Look at me in Italy!

Somebody once said, “Life is a combination of magic and pasta,” so I thought to myself, ‘what better place to spend my first semester junior year than in Milan, Italy?’ My name is Michael Flynn and I am studying Economics with a minor in Italian. Since I was a freshman, all I could do was think about spending a semester in Italy. Then, the day finally came.
​When I arrived, my mind was agog with all the possibilities this new city offered me, and I could not wait to seize every one of them. I spent the first week seeing everything I had wanted to see in the city (my list of sites was the product of many intense Google sessions over the summer). One of the sites I found while researching was the giant middle finger statue in front of the Italian stock market. Another was the Last Supper by Da Vinci. That first week seemed amazing and I thought, if the rest of my time in Milan continues like this, I will just have to stay here forever.

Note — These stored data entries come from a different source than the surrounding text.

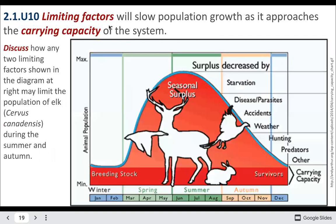Limiting factors are what limit population growth until it reaches carrying capacity. These include weather, the number of predators, the amount of food available, and the amount of water available.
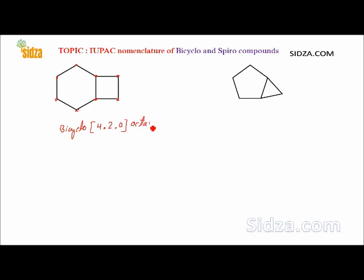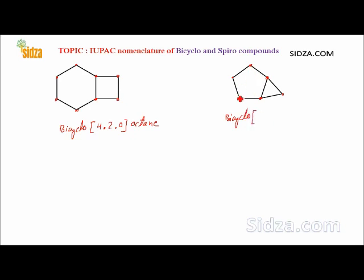In this next bicyclo compound, the two bridgeheads are joined by three bridges. The first bridge contains three carbon atoms, the second bridge contains one carbon, and the third bridge has no carbon atoms. So the name is bicyclo[3.1.0]. The total number of carbon atoms here are six, so it is hexane: bicyclo[3.1.0]hexane.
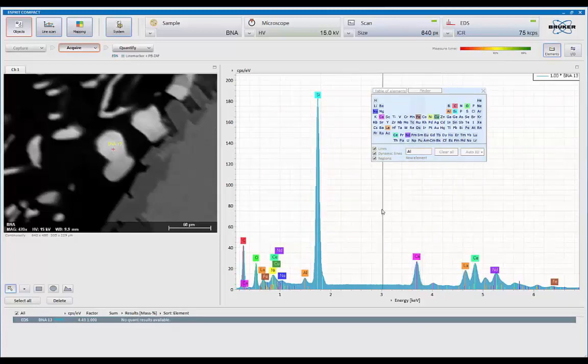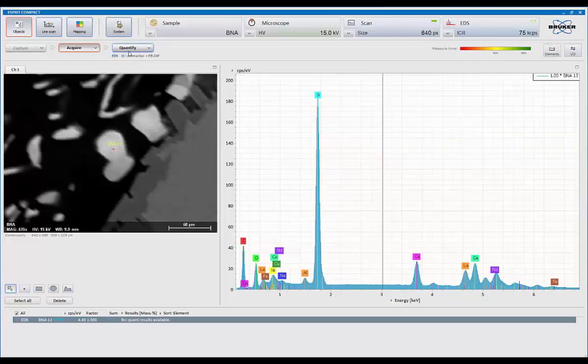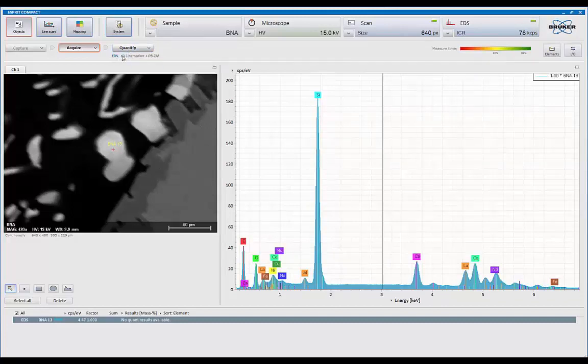Now, basically what Auto ID is really doing is a full quantitation. So I can use the same tools that Quant has. So when we do quantitation, we can either tell the system based on the KLM markers and the method I have. So right now, I'm using a method called line markers plus peak to background, CAF.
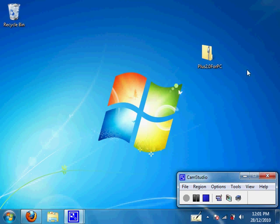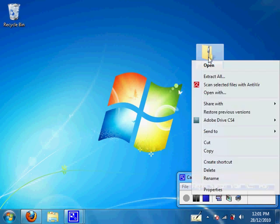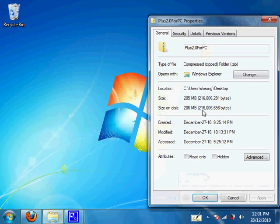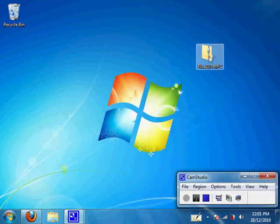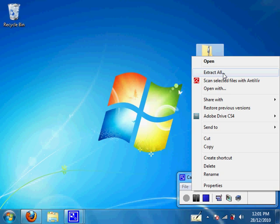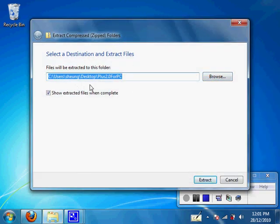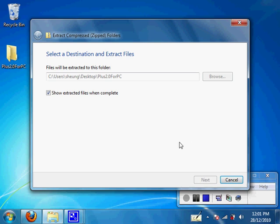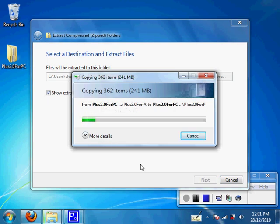As you can see, it's downloaded onto my desktop: Plus 2.0 for PC. Let's check the size by right-clicking on the zip file and going to Properties — as you can see, 206MB, so we know for sure we got the whole file. Next, right-click on the zip file again and click Extract All. If the prompt says extract to the desktop, everything is great — just click Extract and it will make its own folder.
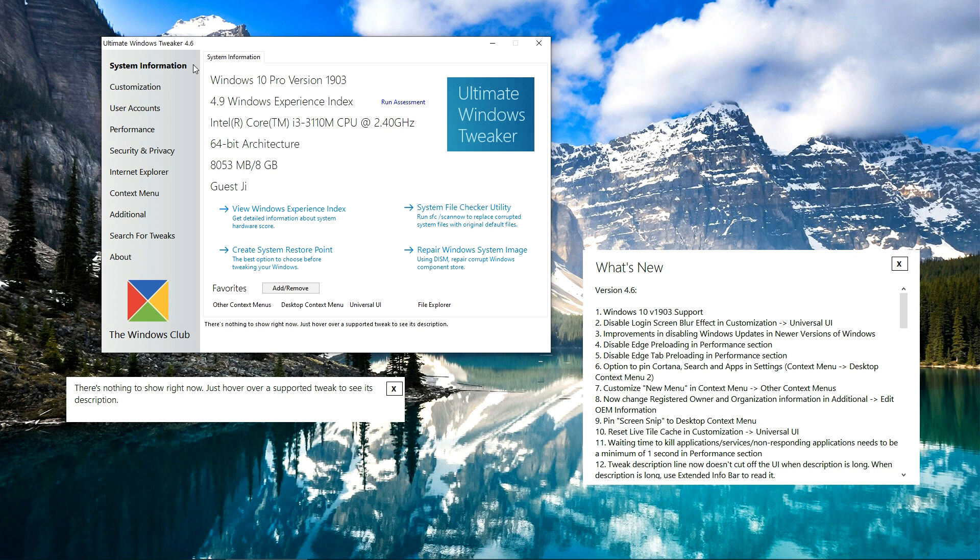So this was the new update of Ultimate Windows Tweaker. Don't forget to tell us in comments how you like the update. Thank you.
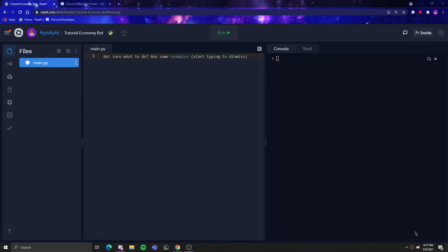In this series I will be showing you how to make a Discord economy bot. To set up, I will be leaving a video link in the top right corner — it will run you through creating the application, getting the token, and that kind of stuff.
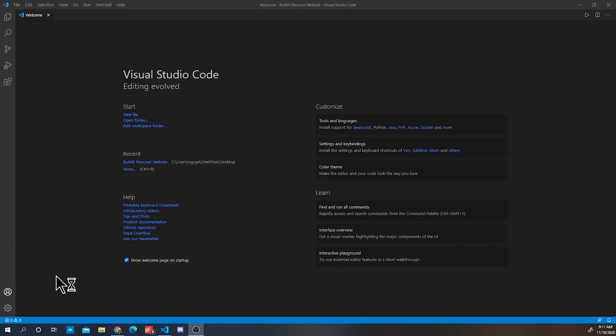Hey what's up makers, in this digital building I'm going to teach you how to build a personal website. This will be a two-part tutorial so stay tuned. First, what you're going to want to do is download Visual Studio Code.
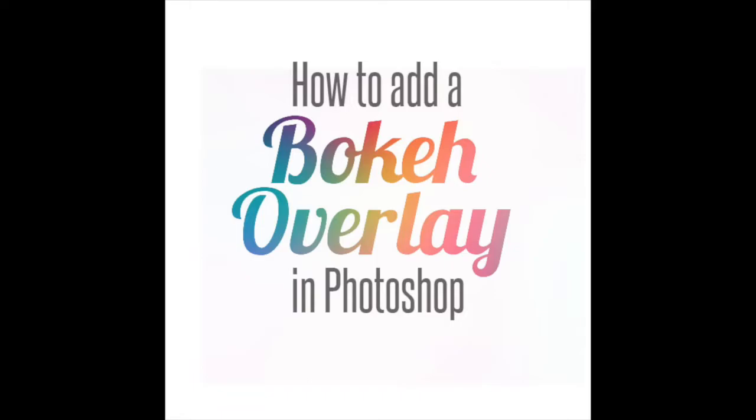Hi everybody, this is Amanda. I wanted to show you how to use a bokeh overlay in Photoshop. If you're dying to jump in with the multiple exposure folks and jump on that bandwagon, here's a very easy way to do it.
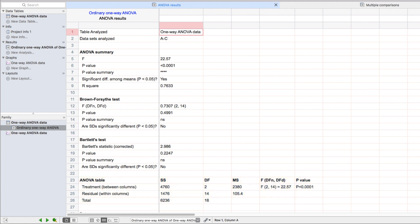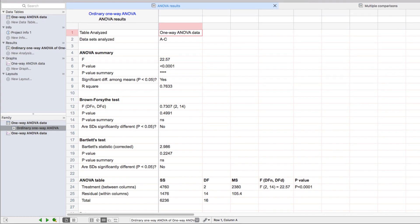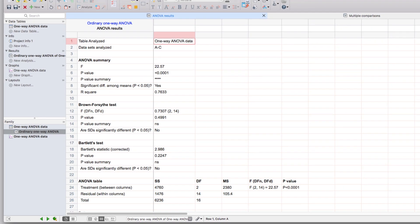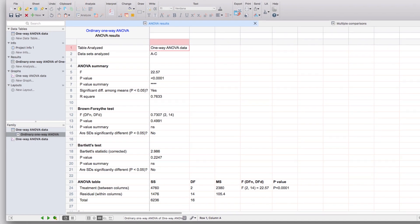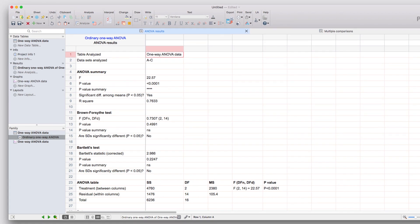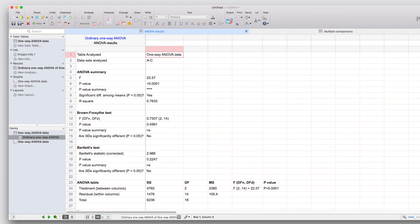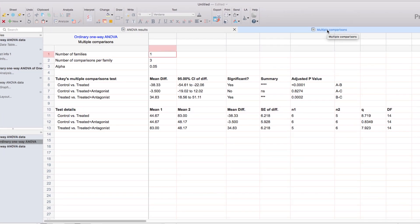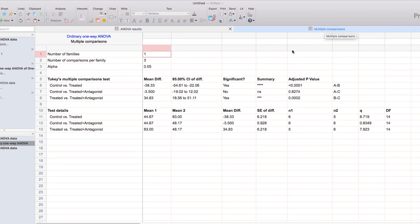Those results are found on a separate sheet. Each analysis that generates more than one sheet of results will display those results as a separate tab. Here you can see the tab for multiple comparisons can be found next to the sheet for ANOVA results. When we click on the Multiple Comparisons tab, we'll be shown the results of the comparisons between specific pairs of groups that we identified in the Parameters dialog.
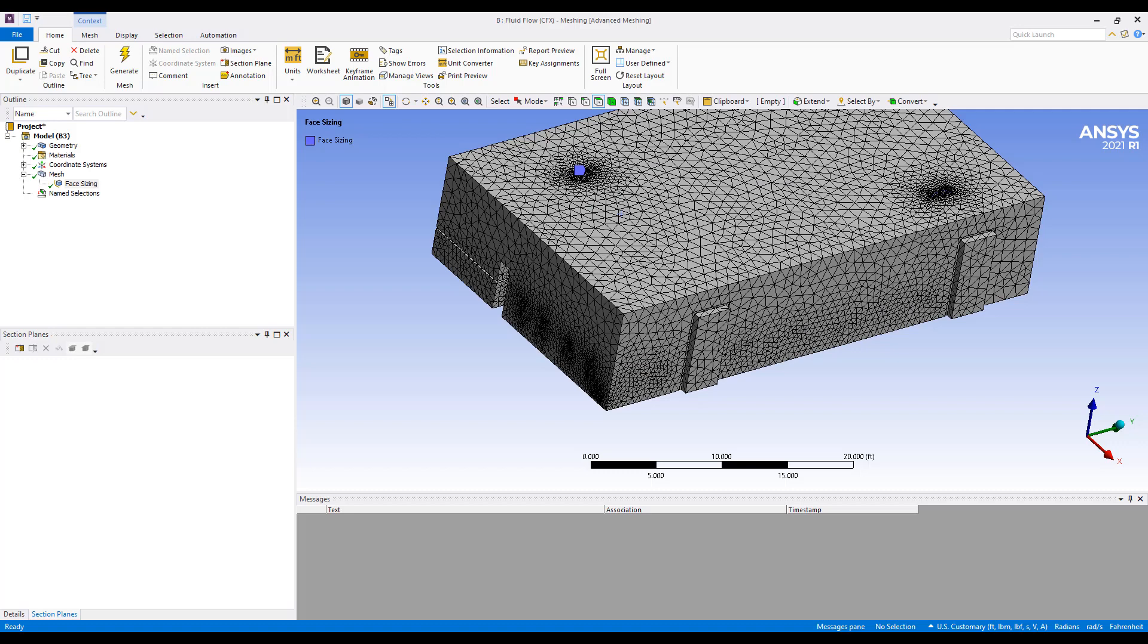Hi, this is Minyao from Singularity Engineering. This is a continuation of our room ventilation simulation. In this video, we'll look at how to set up a ventilation simulation to calculate the age of air inside of a room.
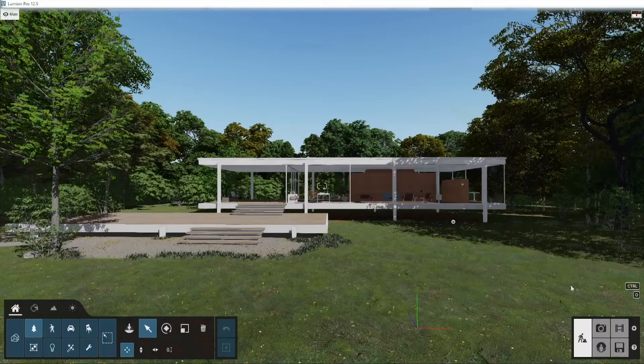Check out at the link below the winners of our most recent competition, The Essence of Autumn, and see what our amazing Lumion community created.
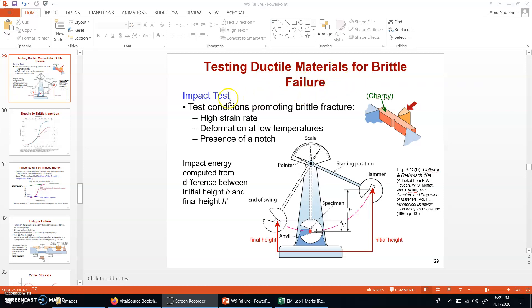Ductile materials can even fail in a brittle manner under impact load. Impact load is basically when the load is increased to a high value in a very short period of time. The effect of impact on the materials is determined by the impact test, and the arrangement of the impact test has been shown here.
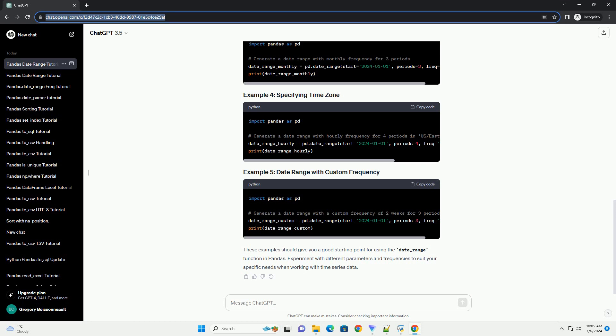These examples should give you a good starting point for using the date_range function in Pandas. Experiment with different parameters and frequencies to suit your specific needs when working with time series data.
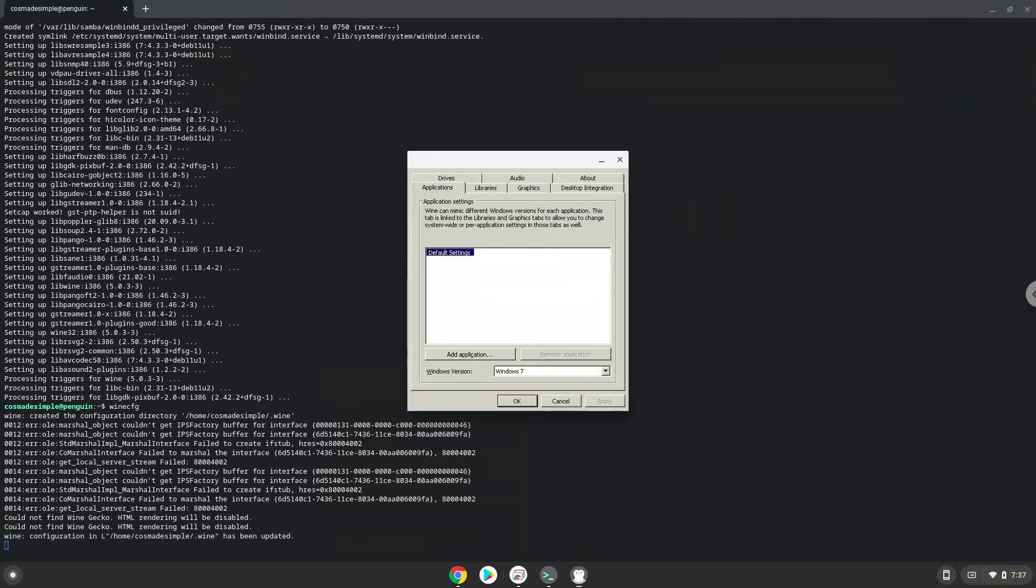Now we will continue to the next step, and that is to install the application. We will unzip the installer now.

But there was something for which I was not prepared – the second week. After I spent the first week exploring with all these new people and seeing all these new things, I finally stopped for a second and just thought. I thought about how I missed my family, and my friends at BC. I thought about how I just spent every day with these people running around Milan but they knew little more than my name. I purposely chose to come in the fall because I wanted full immersion in Italy and I knew not a lot of other BC students were coming. When I saw everyone else, however, already traveling with their friends from BC that all went abroad together, I began to doubt that I truly wanted that. I was not immersing myself the way I thought either. I had signed up for an Italian class and sat in it for 15 minutes before dropping it, so now all my classes were taught in English, and I was missing everyone at BC. I did not like this feeling at all so I decided it was time for a much needed self-date. A self-date is when you treat yourself.
​I went back on Google and looked for “homey” restaurants, and I found one. I went and I practiced my Italian–and it was wonderful. While I was enjoying the best food that I have had in Milan, I sat there and I thought some more. How did I make friends at BC? It seemed like I had one good friend at the beginning, and then making new friends just became so much easier. But I met all my new friends through my old ones. Even though I was in Italy I thought to myself “why can’t that work here?”.
The next day, I reached out to a teacher from my high school who moved to teach in Milan and she gave me the contact of one of her old students, Annamaria. I was finally doing what I wanted to abroad, get outside of my comfort zone and meet Italians. I reached out to a family friend who lives in Italy and is studying at Bocconi and we went for sushi. She speaks almost no english at all pressing me to practice my italian even more. Then I started to meet people from my dorm, which is almost entirely Italians, because I refused to live in the International dorm that was 15 minutes away by tram. I mean what kind of junior wants to live on Newton?
All of these choices that I made to push me out of my comfort zone so quickly became quite daunting during my second week as I tried to adjust to classes and what seemed like a whole new world. But I’m happy I made them. Although I had a rough second week because of them, it seemed like everything was falling into place. I love my classes and my new Italian friends. Life in Italy can truly be amazing if you just drop your fears and allow yourself to experience it. I mean, I am just an Irish guy pretending to be an Italian, and with my vocabulary and comfort level picking up, people are finally starting to fall for it. I’ll let you know how I am doing later but the big test is this week, fashion week – Wish me luck.